Yes. A minor scene ensued when, after I initailly shied from hugging my grandfather, my aunt aggressively, publicly "encouraged" me to do so--and I twisted and ducked from her steering arms and ran away. I was twelve. My grandfather was a psychologically and verbally abusive drunk whom I had earlier witnessed kicking my brother.

I'll never forget the feeling that my "no" was given no heed whatsoever--rather it was met with tacit shaming. I wanted my hugs to be mine to give, for my reasons, if and when I felt like it. I found out this was not the case, and it was devastating.

I felt sick to my stomach a year or so ago when a woman forced her reluctant toddler to hug me. I didn't want to contradict her (because my sense of her personality was that she'd only dig in her heels and push harder), so I held open my arms for the tyke and silently apologized. I feel bad for any kid whose autonomy isn't respected.

I am sorry for your experience. mine was similar. hugs were owed, not given. do you find that it colored your view of physical affection as an adult?

@HereticSin I don't think so.

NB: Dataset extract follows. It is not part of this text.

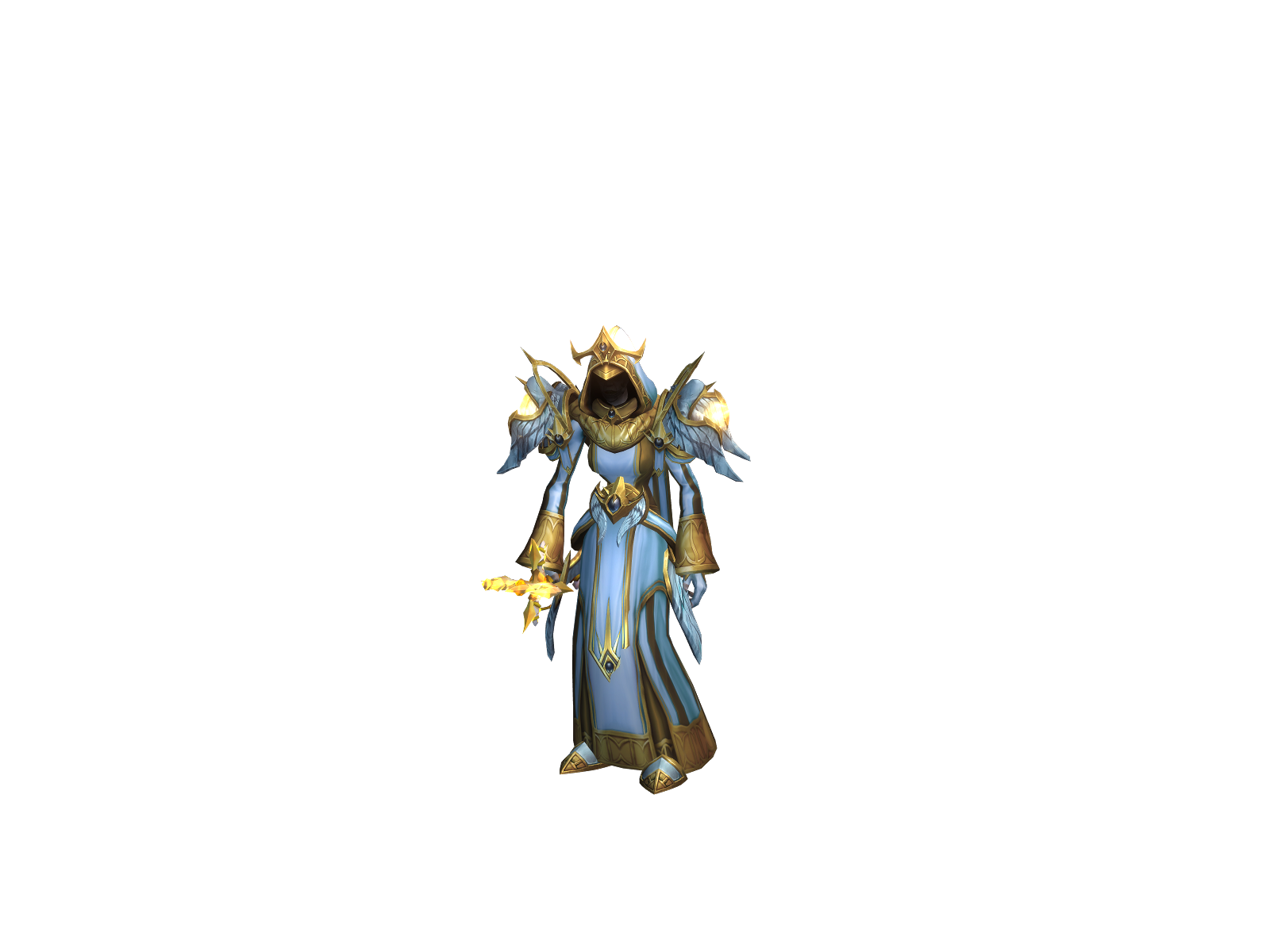 Vampriest 3D character render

Except, perhaps, for that now I'm free to do as I please--and not as I don't--I especially relish it and will tolerate no impingment upon my sovereignty.

@stinkeye_a it took me a long time to get comfortable telling my friends and family when not to touch me. until into my 20s I felt bad, like I was doing something wrong by not wanting that. I believe it impacted my ability to fully understand bodily autonomy for a long time.

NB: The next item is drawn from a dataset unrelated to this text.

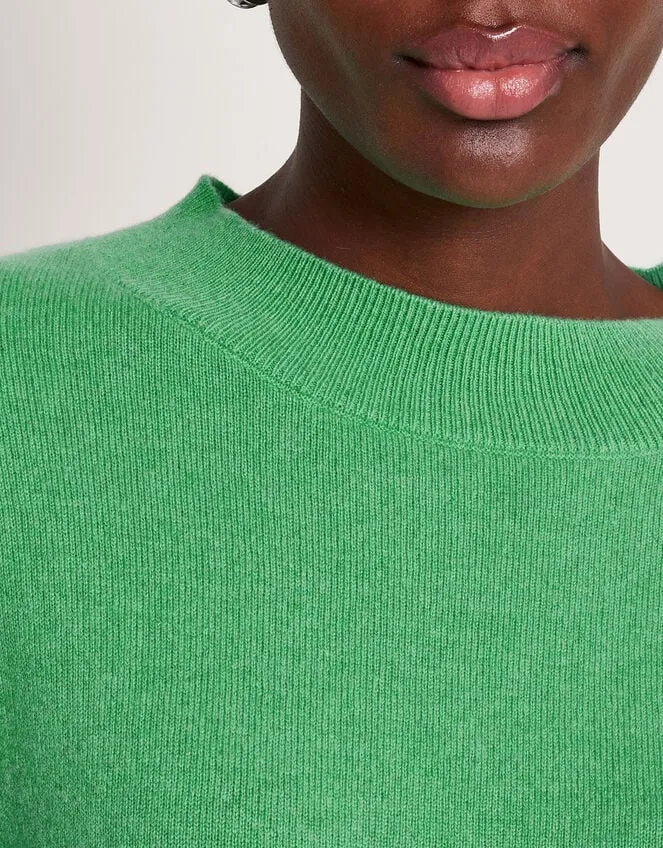 Women Claire Cashmere Jumper Green Monsoon Casualwear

@HereticSin I understand how it works out that way, and I consider myself lucky in that regard!

1

If my kids don't want to hug someone then they don't have to. It has never been an issue as our families on both sides are very loving.

1

My brothers kept teasing me during a long trip to our grandmother: "...and when we get there you'll have to kiss granny!" they said with a nasty chuckle.
I loathed that grandmother and our disaffection was as passionate as it was mutual.
I really don't remember whether this was just my brothers' evil invention or whether my parents had told me to drink the poisoned chalice.
I only remember that one occasion but it was enough to cure me. I never forced my children. They made their own decisions as children. Usually they only kissed members of one particular circle of friends.

0

I lived in a few different places with very different approaches to kissing and hugging. They first time a French boy kissed me on the cheek I thought I would have a heart attack. I was 10 at the time. When I married his sister 12 years later I slowly got used to that cheek kissing. The horror element of my childhood vanished when I watched more closely this weird ritual.

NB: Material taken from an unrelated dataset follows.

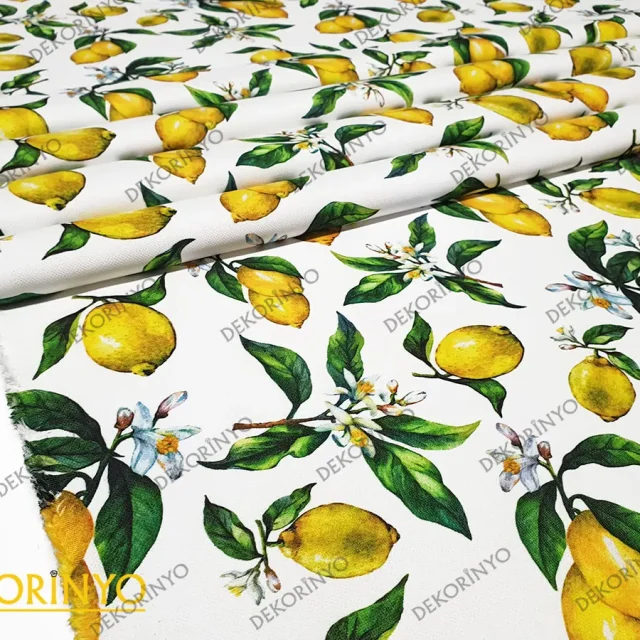 Limon Desenli Kumaş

Check: Paul Taylor => What the fuck France - Paul Taylor YouTube career took off after La Bise went viral [v.qq.com]?

0

My parents made a lot of mistakes, but I was never forced to have physical contact that I did not initiate.

0

Yes, and I hated it

0

Yes, my parents did not force me to hug or kiss anyone. But I always felt the expectation on my shoulder.

0

I was often forced to hug and kiss my relatives. I especially disliked men because they smelled of alcohol or cigarettes. Although I found my father's stubble funny and soft, I was also repulsed by the stubble. I never force my children to hug or kiss my relatives because the pediatricians at our clinic explained that it hurts their psyche. Also, it can cause children to think that they have to do it because they will avoid punishment. I explained to the children that if an adult, friend, or stranger wanted to hug them, they should say NO or run after my husband or me. It's important to talk to your children about this to understand you and not let you pick on them. I also told them that if an adult hits them, they should tell Daddy or me even if this man tells them to be quiet about it.